The plan to save the world's eels
More needs to be done to increase the number of eels around the world, according to conservationists.
Their numbers have dropped dramatically in the last 30 years. but experts have just completed the first year of a big project to protect the places where they live.
Jenny spoke to Matt Gollock, from the Zoological Society of London, about why the creatures are at risk.
The epic journey of eels
European eels are the great travellers that migrate thousands of miles.
It's thought the creatures start their journey as eggs in the Sargasso Sea, in the Western Atlantic near the Bahamas.
The eggs then hatch into transparent larvae called leptocephalus.
They then make the journey to Europe floating on the oceans currents.
Eel larvae from the Sargasso Sea can take up to three years to reach Europe.

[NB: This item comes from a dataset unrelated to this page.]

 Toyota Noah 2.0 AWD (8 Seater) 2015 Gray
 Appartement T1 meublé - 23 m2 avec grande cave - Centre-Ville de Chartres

By the time they reach our shores in the UK, they have developed into tiny glass eels that swim against the current into Europe's rivers.
In shallow waters they become elvers which move together upwards into estuaries and river systems.
While living in our rivers the eels are called yellow eels.
They can grow up to 1m long, with female eels being much longer than males.
Here they will spend many years before becoming silver eels and returning to the open sea for the long journey back to the Sargasso
Once back in the Sargasso Sea it's thought they spawn and lay eggs, but this has never been seen.
Experts believe the eel dies after it's reproduced.